(Caption-style text data)
════════════════════

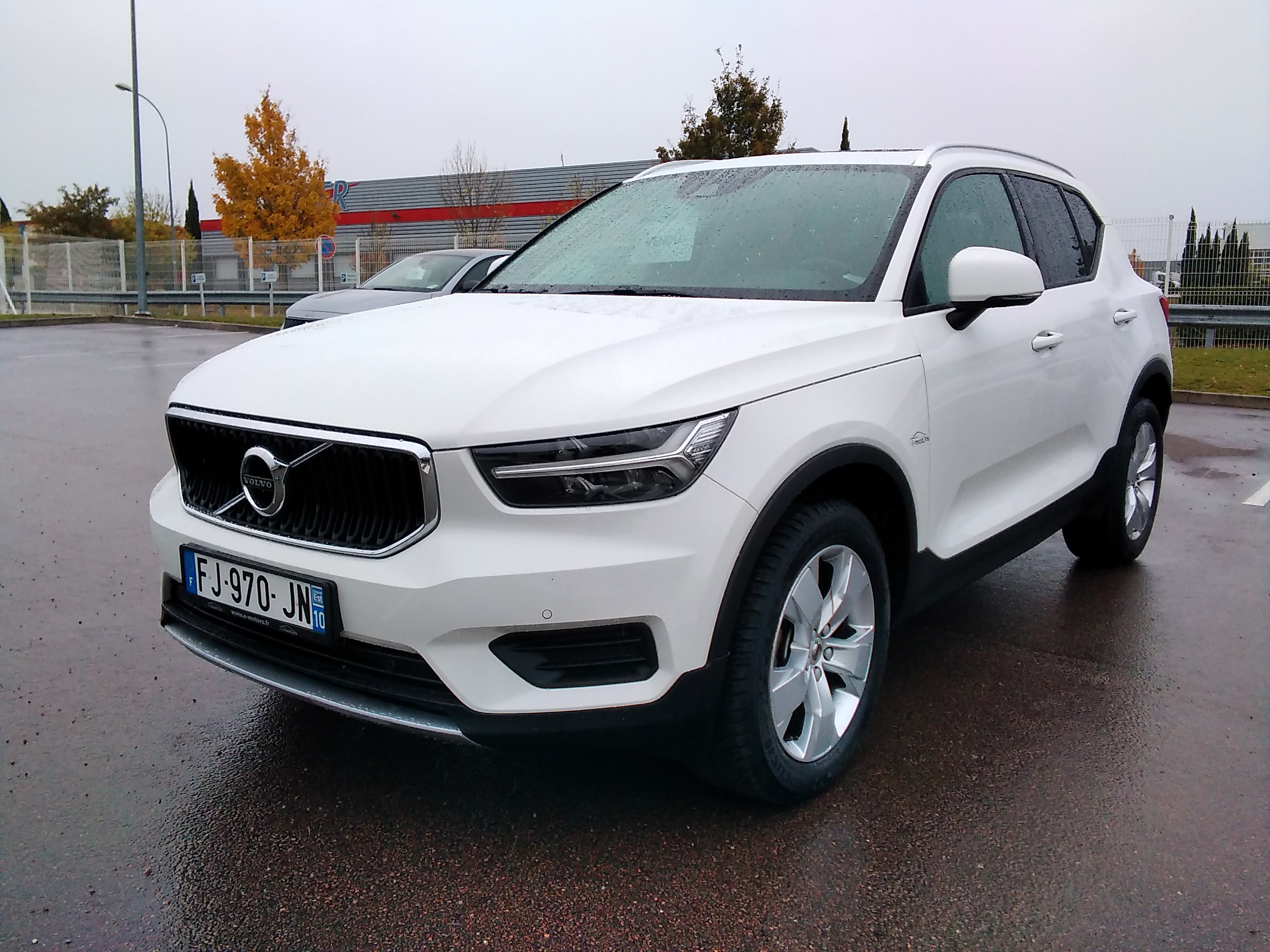 Avis-mandataire-auto-Emotors-Volvo-Xc40-T3-163-momentum-plus-toit-plus.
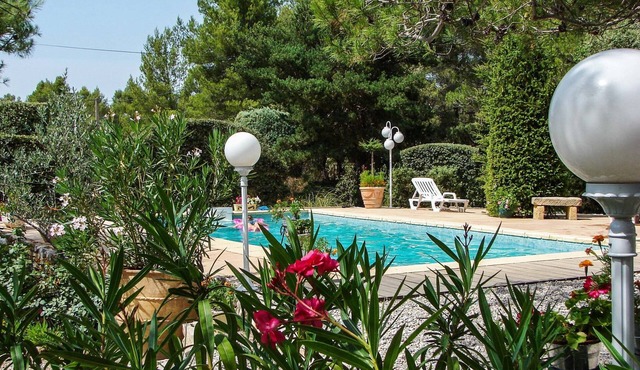 Villa in the heart of nature, with swimming pool, near Aix-en-Pce.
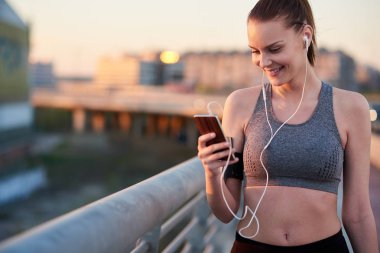 kadın çalışan açık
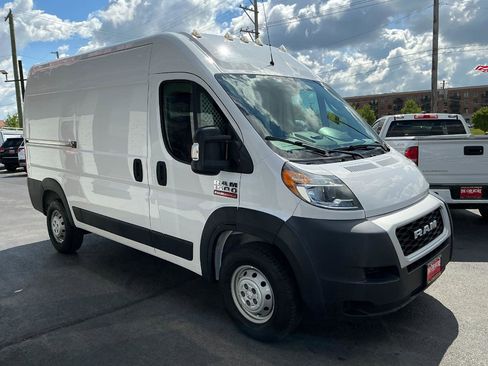 Used 2019 RAM ProMaster 1500 w/ Interior Convenience Group FWD image 3
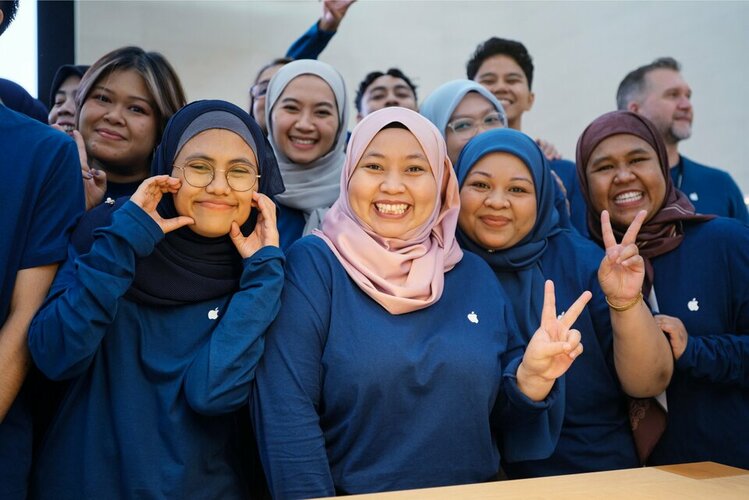 Apple-The-Exchange-TRX-Malaysia-opening-day-team-members_ko lo go.jpg Apple-The-Exchange-TRX-Malaysia-opening-day-team-members_ko lo go.jpg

════════════════════

TASK DIRECTIONS
Please copy the data shown above word for word, omitting the pictures.

ANSWER BELOW
 Avis-mandataire-auto-Emotors-Volvo-Xc40-T3-163-momentum-plus-toit-plus.
 Villa in the heart of nature, with swimming pool, near Aix-en-Pce.
 kadın çalışan açık
 Used 2019 RAM ProMaster 1500 w/ Interior Convenience Group FWD image 3
 Apple-The-Exchange-TRX-Malaysia-opening-day-team-members_ko lo go.jpg Apple-The-Exchange-TRX-Malaysia-opening-day-team-members_ko lo go.jpg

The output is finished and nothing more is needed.